Enhanced Data Transfer Cooperating with Artificial Triplets for Scene Graph Generation

1. Introduction

Scene graphs have emerged as a pivotal representation for detailing semantic information within a visual scene, by specifying relationships between object pairs [1], [2]. This representation enables reasoning about visual content through the encoded spatial and logical details of object instances and their relations. In modern applications, scene graphs have become foundational for high-level visual tasks like activity parsing [3], image retrieval [1], visual understanding [4], and image captioning [5]. This paper delves into the scene graph generation (SGG) task, aiming to predict objects and their relations from visual input.

SGG models encounter two primary challenges when trained on common dataset [6]: first, the distinct long-tailed distribution of relations [7], [8], and second, the ambiguity caused by semantically similar relation classes (e.g., on/on back of/mounted on) [9]-[11]. The latter exacerbates the issue, as instances within a category may be annotated under multiple confusing classes. Such complexities often bias relation predictions in general SGG models, leading to low recall rates for rare predicate classes. While some unbiased SGG methods [7], [12]-[14] have addressed this, they often sacrifices performance on frequent classes.

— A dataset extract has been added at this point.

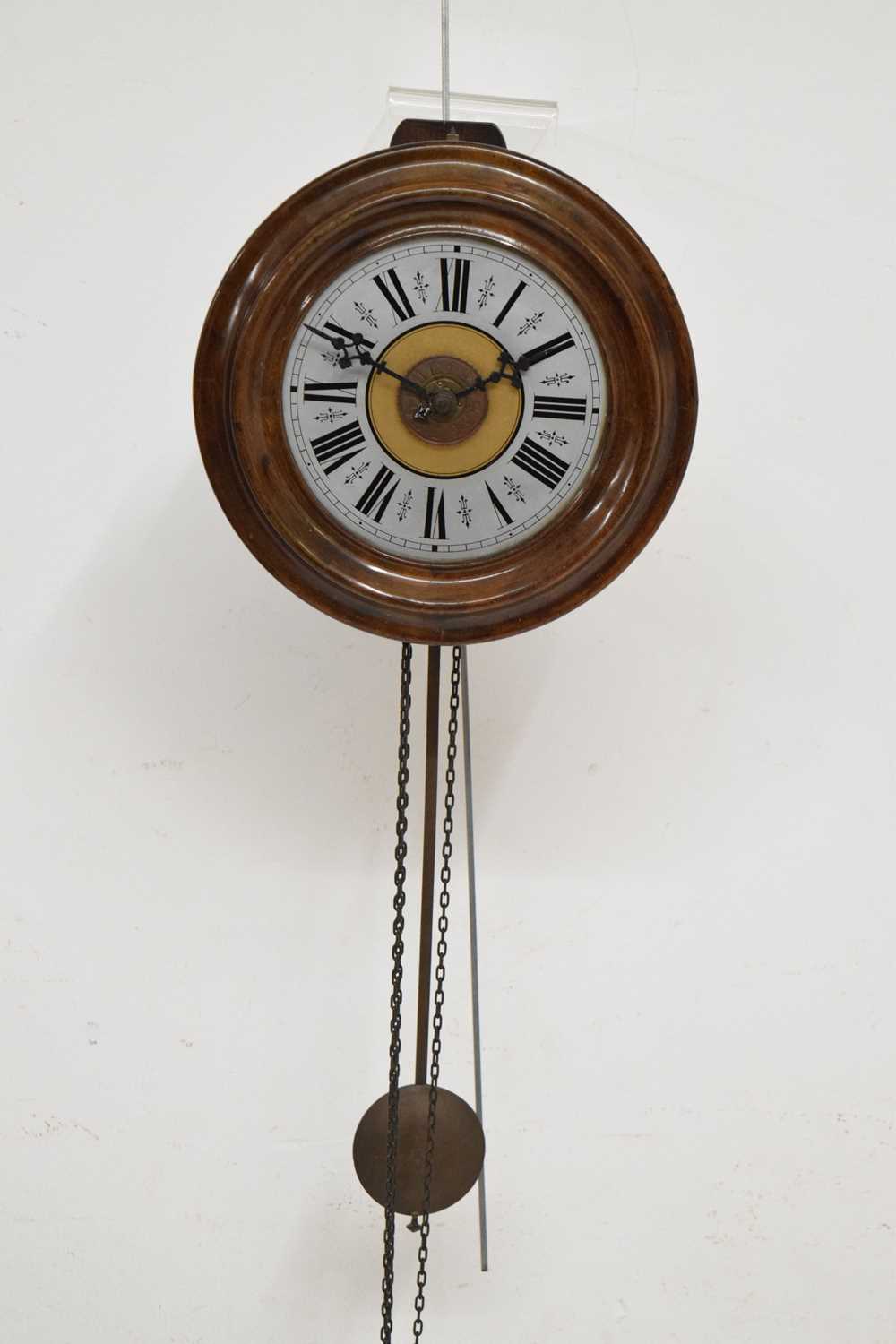 Postman's alarm-type weight-driven wall clock - Image 10 of 10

Hence, it is essential to consider these trade-offs to ensure the model performance on the majority of data is not compromised.

Recently, the training data modification approach has shown promising results for training an unbiased SGG model [9], [10]. Two major concepts for the modification are the addition of new predicate labels and reassignment of existing ones, which can efficiently improve rare class performance. We revisit these concepts through IETrans [10], a baseline data modification method. IETrans encompasses two modules: external transfer for label addition and internal transfer for label reassignment. Notably, the external transfer, while leveraging background triplets for augmentation, doesn’t fully exploit the available data. Given the compositional nature of relational triplets, inter-triplet augmentation appears worthwhile. Additionally, predicate reassignments in the internal transfer are not uniformly reliable. A human evaluation study [10] reveals that only 76% of transferred triplets are deemed reliable. The inconsistency in the degree of semantic confusion, even among identical predicates, suggests that an “entire” transfer strategy might not be optimal. Guided by these findings, our system seeks to address these shortcomings by extending the modification concepts in two key ways: improving upon the data addition process and enhancing the reassignment efficiency.

Our method introduces two novel modules: Feature Space Triplet Augmentation (FSTA) and Soft Transfer. FSTA dynamically creates artificial triplets during training. We can construct new data by enumerating triplet combinations subject-predicate-object' and subject'-predicate-object from a sampled mini-batch. Here, $x'$ denotes data not from the original triplets. These artificial triplets serve to regularize the relation classification module in the SGG model. We undersample the frequent classes in artificial triplets to shape their predicate distribution. Further, a biased prediction-based sampler selects the class label for $x'$. This design aims to often sample combinations that are hard to be predicted correctly for a biased model. A pre-trained generator synthesizes the corresponding features based on class labels. Besides, Soft Transfer refines label reassignment by implementing an instance-wise ranking and mapping mechanism. We first compute a reliability score for each reassigned sample from biased model predictions, then select low-scoring triplets for Soft Transfer. Subsequently, a non-binary predicate label is calculated by mapping the reliability score, allowing for finer control over semantic confusion by using this label probability instead of an entire reassignment.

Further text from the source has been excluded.